▶ **WHAT YOU SHOULD DO**
The part below that opens with the line containing "Wheel center caps Seat 1M0601149E (оригинал)" and closes with the line containing "Carolinensiel Apartment |" should be copied exactly, minus any pictures.

▶ **EXTRACTED ENTRIES**
═══

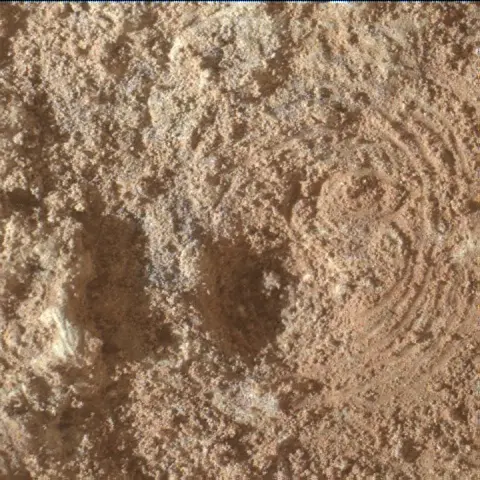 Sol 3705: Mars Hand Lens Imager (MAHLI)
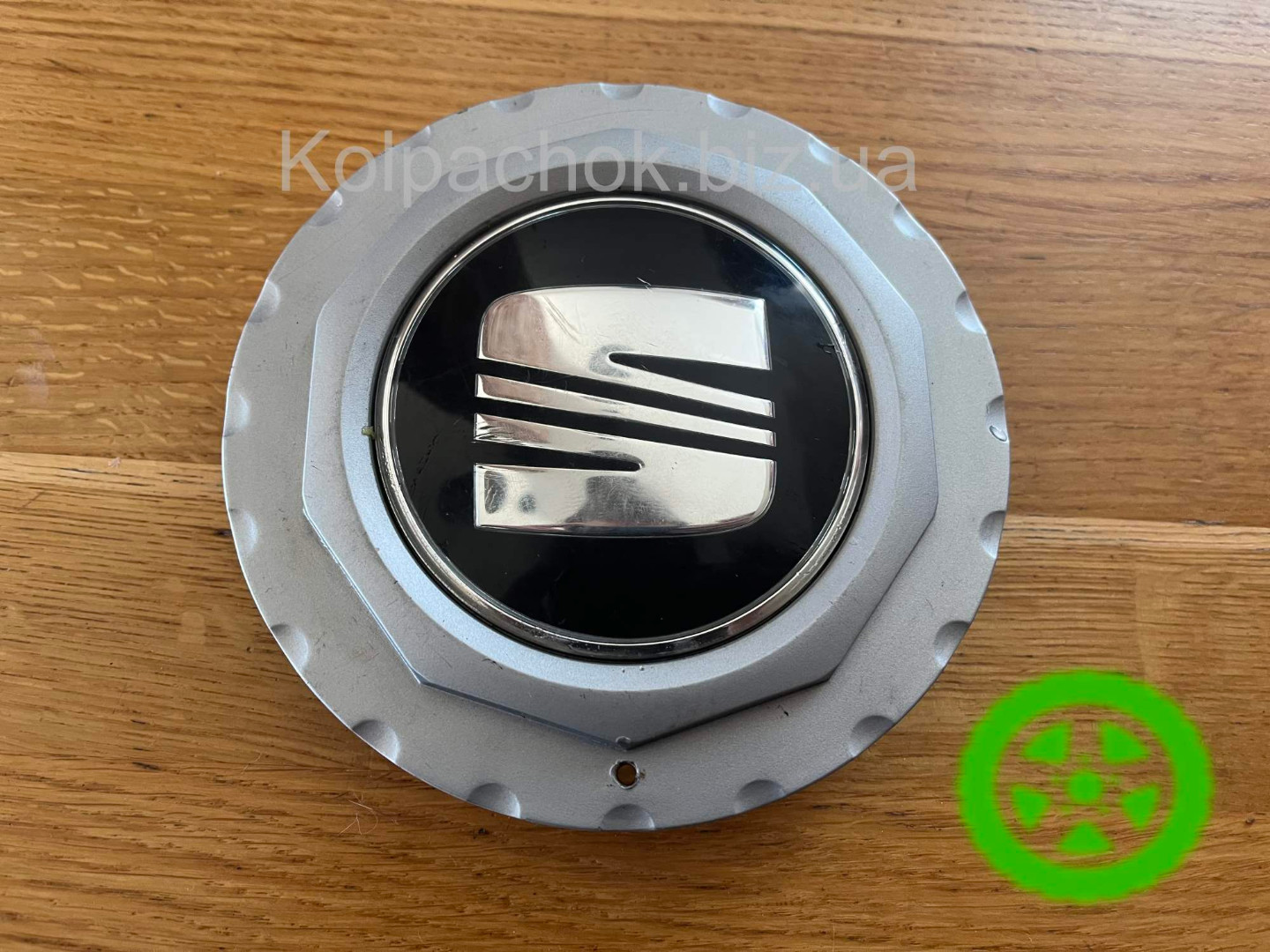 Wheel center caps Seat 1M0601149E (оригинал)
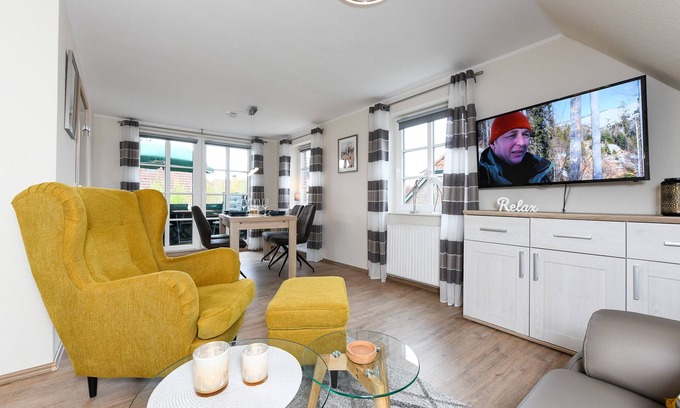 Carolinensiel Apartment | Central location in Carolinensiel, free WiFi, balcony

═══

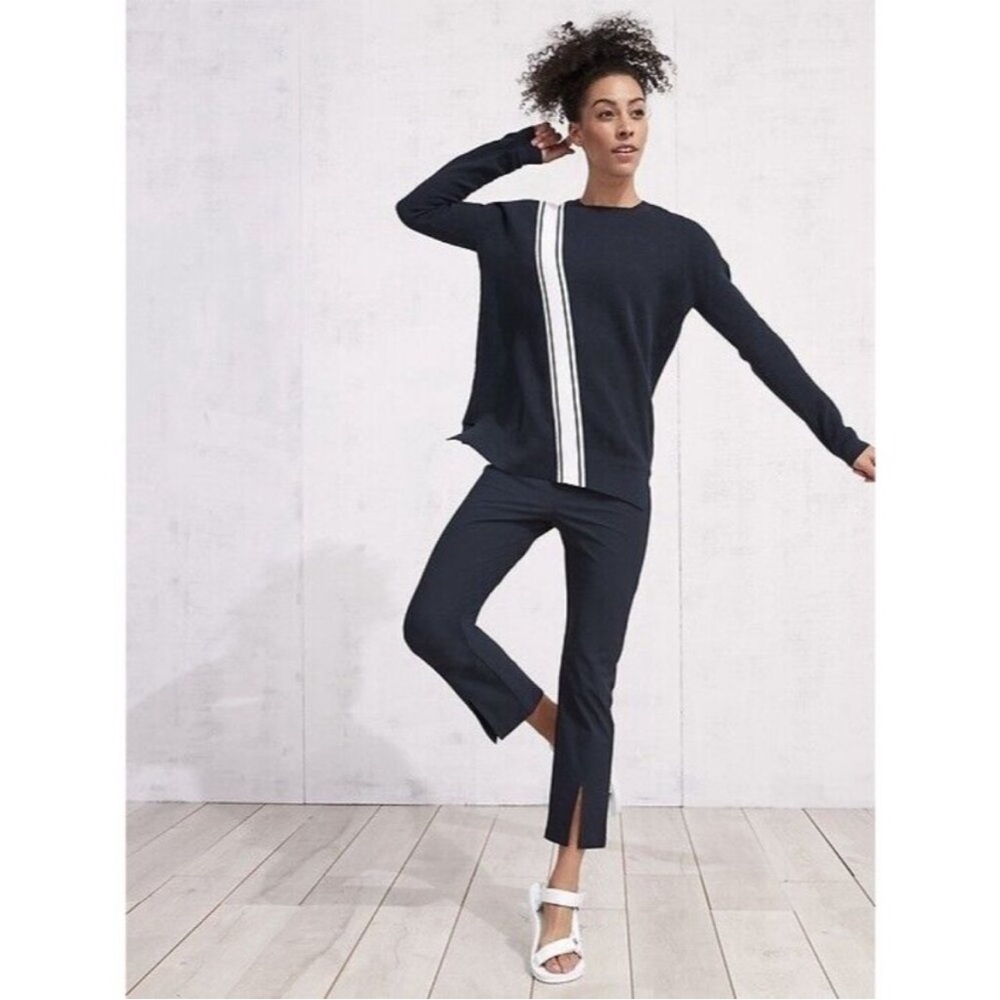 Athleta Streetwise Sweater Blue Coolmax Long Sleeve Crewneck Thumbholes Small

═══

▶ **WRITTEN SOLUTION**
 Wheel center caps Seat 1M0601149E (оригинал)
 Carolinensiel Apartment | Central location in Carolinensiel, free WiFi, balcony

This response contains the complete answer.